# Free healthcare & childbirth



## MassiveHeadache (Aug 11, 2016)

Hi, 

Does anyone know if I will be entitled to free healthcare in Portugal straight after moving there but not working? We'll be moving there approximately 2 months before my due date. My partner (not husband) should be working there at that time. 

Many thanks!


----------



## Naaling (Apr 9, 2015)

MassiveHeadache said:


> Hi,
> 
> Does anyone know if I will be entitled to free healthcare in Portugal straight after moving there but not working? We'll be moving there approximately 2 months before my due date. My partner (not husband) should be working there at that time.
> 
> Many thanks!


It is my understanding, that under Portuguese law, pregnant women and children are automatically entitled to free health care, regardless of their immigration status.


----------



## MassiveHeadache (Aug 11, 2016)

I have found this information as well but I'm not sure how the care will continue after me giving birth. Will I be eligible for a free healthcare as unemployed with a working partner? 
Also even though pregnant women are entitled to get free healthcare do they still need the social security number? As that seems a crucial element in getting a health care card in Portugal.


----------



## andycastle (Mar 30, 2015)

I have no knowledge regarding the rules for pregnancy, however if your partner is a tax payer he/she will have a social security number. This is the critical item. I am not sure how the marital status effects the regulations but certainly a Husband or Wife is covered under there spouses social security number.

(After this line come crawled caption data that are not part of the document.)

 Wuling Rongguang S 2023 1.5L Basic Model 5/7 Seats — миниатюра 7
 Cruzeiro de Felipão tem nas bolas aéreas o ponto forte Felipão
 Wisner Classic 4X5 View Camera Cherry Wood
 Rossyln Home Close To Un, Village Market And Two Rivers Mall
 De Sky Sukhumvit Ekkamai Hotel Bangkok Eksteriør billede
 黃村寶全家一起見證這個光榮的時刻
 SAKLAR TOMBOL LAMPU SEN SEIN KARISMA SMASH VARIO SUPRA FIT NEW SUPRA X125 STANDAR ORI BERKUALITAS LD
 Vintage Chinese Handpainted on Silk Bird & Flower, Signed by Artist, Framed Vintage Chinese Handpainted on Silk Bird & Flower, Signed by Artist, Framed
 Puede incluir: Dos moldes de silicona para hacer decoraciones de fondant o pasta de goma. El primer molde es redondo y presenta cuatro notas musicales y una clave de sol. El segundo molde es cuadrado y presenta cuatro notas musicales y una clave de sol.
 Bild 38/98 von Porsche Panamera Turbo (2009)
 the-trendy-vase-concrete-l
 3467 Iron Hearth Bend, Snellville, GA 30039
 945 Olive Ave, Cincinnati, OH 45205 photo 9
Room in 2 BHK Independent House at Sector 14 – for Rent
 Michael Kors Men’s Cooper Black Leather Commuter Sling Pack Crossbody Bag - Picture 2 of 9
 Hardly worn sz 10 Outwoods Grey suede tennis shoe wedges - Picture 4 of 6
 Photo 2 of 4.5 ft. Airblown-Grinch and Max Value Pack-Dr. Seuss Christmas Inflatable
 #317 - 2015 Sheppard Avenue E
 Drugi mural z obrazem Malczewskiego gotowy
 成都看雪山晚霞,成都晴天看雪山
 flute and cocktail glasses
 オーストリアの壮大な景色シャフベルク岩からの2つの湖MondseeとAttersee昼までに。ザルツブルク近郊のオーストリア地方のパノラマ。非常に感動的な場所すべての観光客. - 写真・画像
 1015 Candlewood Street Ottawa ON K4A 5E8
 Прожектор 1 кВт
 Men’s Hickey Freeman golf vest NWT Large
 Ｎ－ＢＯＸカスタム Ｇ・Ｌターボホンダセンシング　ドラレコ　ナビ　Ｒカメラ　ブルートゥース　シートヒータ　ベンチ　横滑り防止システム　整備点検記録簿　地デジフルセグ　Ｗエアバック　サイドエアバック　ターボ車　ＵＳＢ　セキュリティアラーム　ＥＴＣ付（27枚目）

Without a social security number you can still register with a health center but are not entitled to "free health care"

Your EHIC (European Health Insurance Card) , I you have one, will be referenced for treatment but you will need to find out the regulations in the issuing country regarding health care reimbursement.

Without an EHIC you are liable for full payment or so I gather

As with most bureaucratic procedures in Portugal, the rules appear open to interpretation, but the authorities have certainly tightened up over the past year

As far as I am aware once you have been a resident for 12 months you can apply to make voluntary contributions to social security if you so wish.


----------